Christine Leșcu, 17.04.2024, 11:42
23 % des jeunes prêts à voter pour un parti autoritaire
Dans le contexte électoral de cette année 2024 qui va voir se dérouler les élections locales, européennes, parlementaires et présidentielles, le groupe civique Tinerii voteaza, en français Les jeunes votent, a commandité un sondage afin d’appréhender l’état d’esprit des votants âgés de 18 à 35 ans. Menée entre le 9 et le 14 mars sur un échantillon représentatif de 800 personnes, cette étude n’est pas porteuse de très bonnes nouvelles : une grande majorité des jeunes considère que le pays s’oriente dans une mauvaise direction et n’a pas confiance en la démocratie roumaine. De plus, 23% d’entre eux pourrait voter pour un parti autoritaire. Razvan Petri, le coordonnateur du groupe civique « Les jeunes votent », nous offre son analyse sur l’attitude de sa génération face à la politique.
« Le plus important serait de tenir compte du fait que les jeunes trouvent que le pays va dans une mauvaise direction. 68 % l’ont déclaré, une grande majorité donc. Pire : 79 % considère qu’on ne peut pas avoir confiance dans la démocratie de notre pays. Il y a donc un grand problème de confiance envers les fondements démocratiques de la Roumanie, et surtout on constate une confiance très faible envers les institutions publiques et les partis politiques, c’est-à-dire envers le Parlement, le gouvernement et les partis. Nous n’avons pas confiance dans les instruments avec lesquels nous devrions travailler afin de prendre de bonnes décisions dans le futur. C’est très dangereux, parce que le risque de ce manque de confiance envers les instruments démocratiques est que nous nous orientions vers d’autres instruments qui ne relèvent pas du jeu démocratique. »

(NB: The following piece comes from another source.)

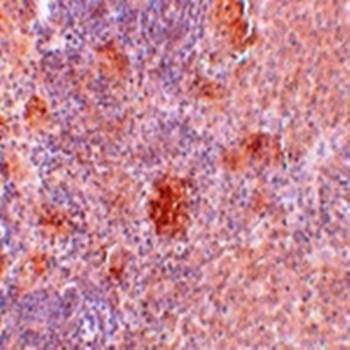 Immunohistochemical analysis of formalin-fixed and paraffin-embedded rat spleen tissue at 5 ug/mL using Slc37A2 antibody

Une perte de confiance dans les institutions démocratiques
Cette préférence exprimée envers des instruments qui sortent du cadre démocratique peut s’expliquer par une déception face au fonctionnement des institutions démocratiques en Roumanie. En d’autres termes, comme les pratiques démocratiques sont déficientes en Roumanie, les jeunes en concluent que la démocratie en elle-même ne fonctionne pas. Par ailleurs, l’Union européenne bénéficie de plus de crédit aux yeux des jeunes que les institutions nationales, et ce malgré leur méconnaissance abyssale du fonctionnement complexe des institutions européennes. Pour Razvan Petri tout découle de l’éducation.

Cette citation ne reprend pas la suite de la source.